Cualquier empleado ha padecido en algún momento, tan lejos o tan cerca como su necesidad laboral lo determine, la impoluta prerrogativa de verse en la ocasión de soportar el dictamen infalible de algún superior que endurece la voz para deducir que lo que se necesita en la compañía equis -dicho con la más deleznable metáfora al uso- es que todo el mundo ``se ponga la camiseta''. No falta curso de adoctrinamiento (o capacitación), lo mismo que junta de vejación en la obediencia (lo que a veces se llama actualización bajo nuevas directrices) en los que la frase de marras no sirva de motivo o corolario a las importantes noticias y acuerdos tomados por la empresa: una especie de epítome falsamente entusiasta gracias a su torpe, tramposa configuración. Porque, ¿qué mayor peligro hay que el riesgo de untarse en la piel el logo de una firma que te va a despedir en el próximo recorte? Si el pegamento fue de veras firme y el compromiso (ingenuo o urgido por la necesidad) realmente devoto, la búsqueda de un nuevo empleo, con aquella impronta adherida hasta los mismos huesos, será sin duda una apuesta al fracaso. Sin duda la preservación de la salud individual recomendaría, antes bien, lo contrario; si continuamos la metáfora, se trataría menos de saber cómo ponerse o no ponerse con decoro cualquier camiseta, que del hecho fundamental de hacerse de un cuerpo, de construirse a sí mismo como ente al que se le puedan colgar prendas suficientes como para vestir a un regimiento, o una sola camisa de lavar y usar, o dos o tres blusas sublimes, antes de dar el salto a la apetecible independenciaa laboral, en caso de que ello no fuera tan remoto como ganarse la lotería, pero siempre con un cuerpo, recuerda, cuerpo -diría Cavafis...

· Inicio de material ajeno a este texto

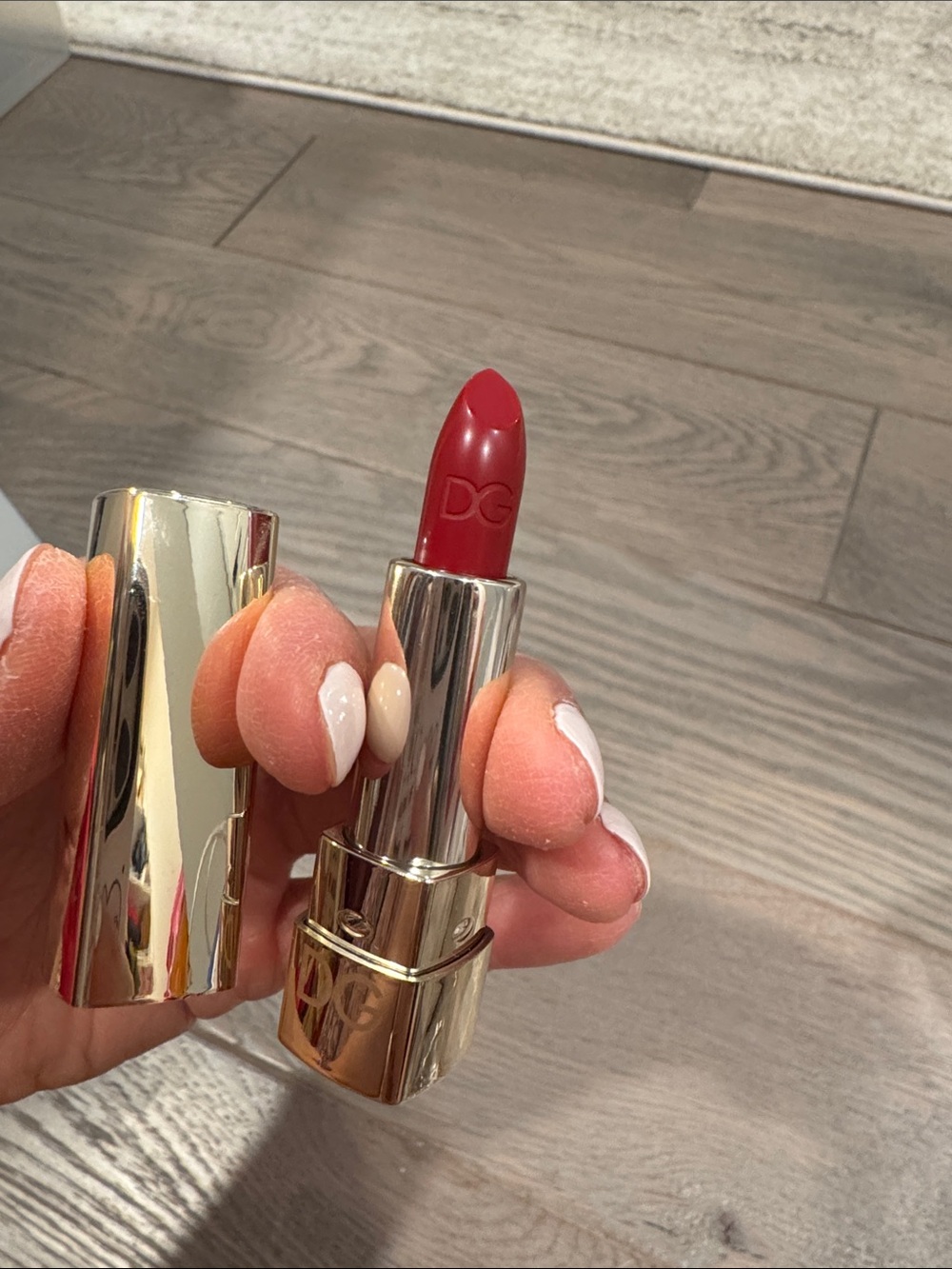 NWOT Dolce & Gabbana Mini Red Cream Lipstick 640
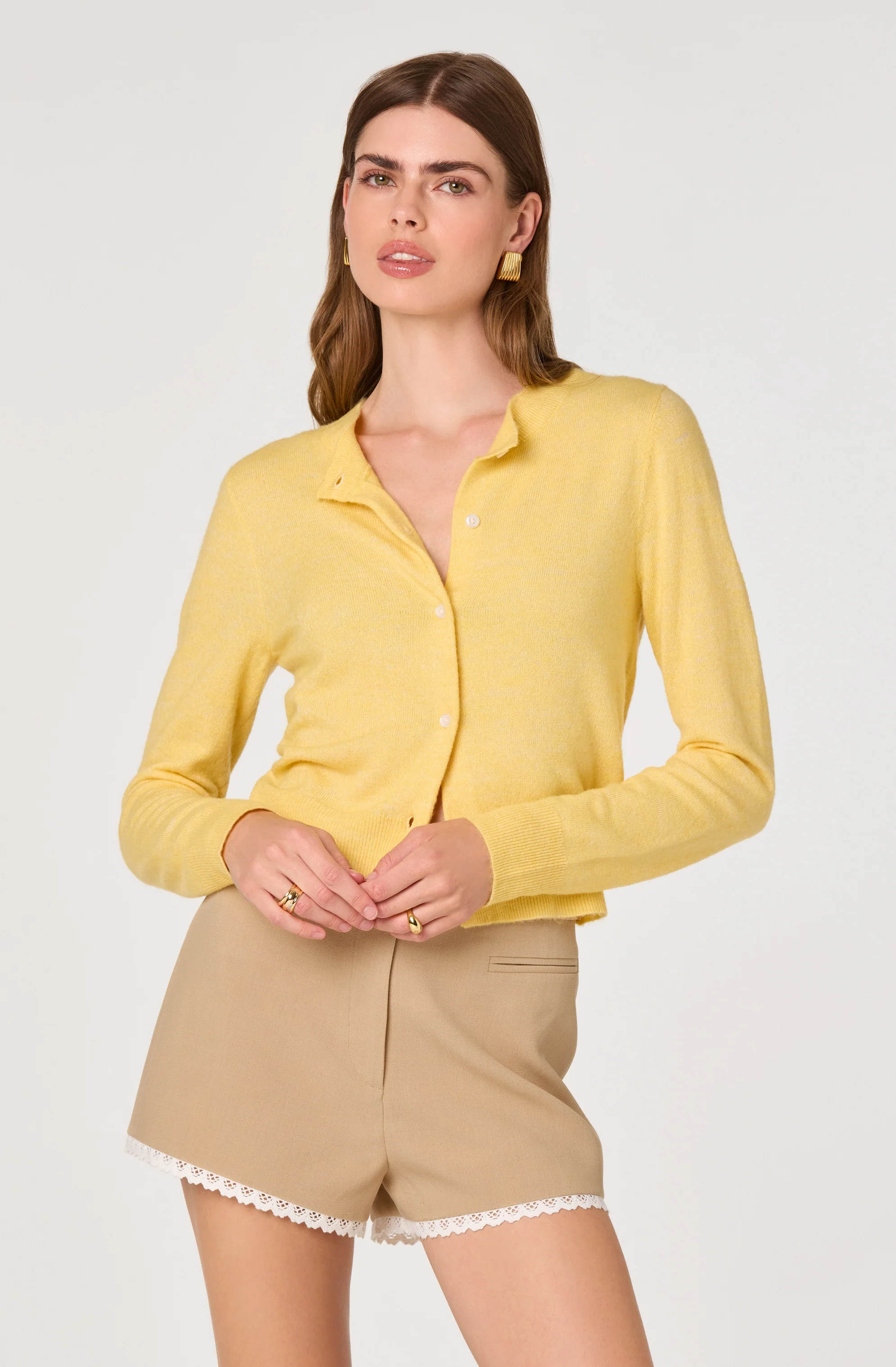 Mary Classic Button Front Cardigan - Image 3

El estudio de Richard Sennett no se refiere, propiamente, a este conflicto de identidad textil porque, entre otras cosas, la ética laboral vigente en la globalización ya ni siquiera contempla la posibilidad de la lealtad o la adhesión irrestricta al empleador o al trabajo desempeñado, en aras de una flexibilidad bajo cuyos rigores el trabajador ha de estar dispuesto a marcharse (sin considerarlo un oprobio) o a fundirse, incorporarse y separarse, libre o sectorialmente, sin posibilidad de entenderlo como una propuesta indecorosa. Todo ha de ser veloz e higiénico, como en el cuento de Cortázar: uno vomita un conejito y no se pregunta por su suerte (la propia y la del animal) sino por la administración del esfuerzo para ocultar el hecho lo más rápido posible. Estamos en una era donde toda tara es etérea y cualquier instinto de permanencia una fijación, entre fotográfica y freudiana, frente a la que habrá de responderse en el tribunal del olvido. El trabajo en mangas de camisa y con las manos sucias, en el que el ser humano y su medio de subsistencia se volvían una confusa aleación de materia y energía, va convirtiéndose poco a poco en la virtud de ``no dejar que nada se te pegue'', como lo entiende Rose, uno de los personajes del estudio de Sennett.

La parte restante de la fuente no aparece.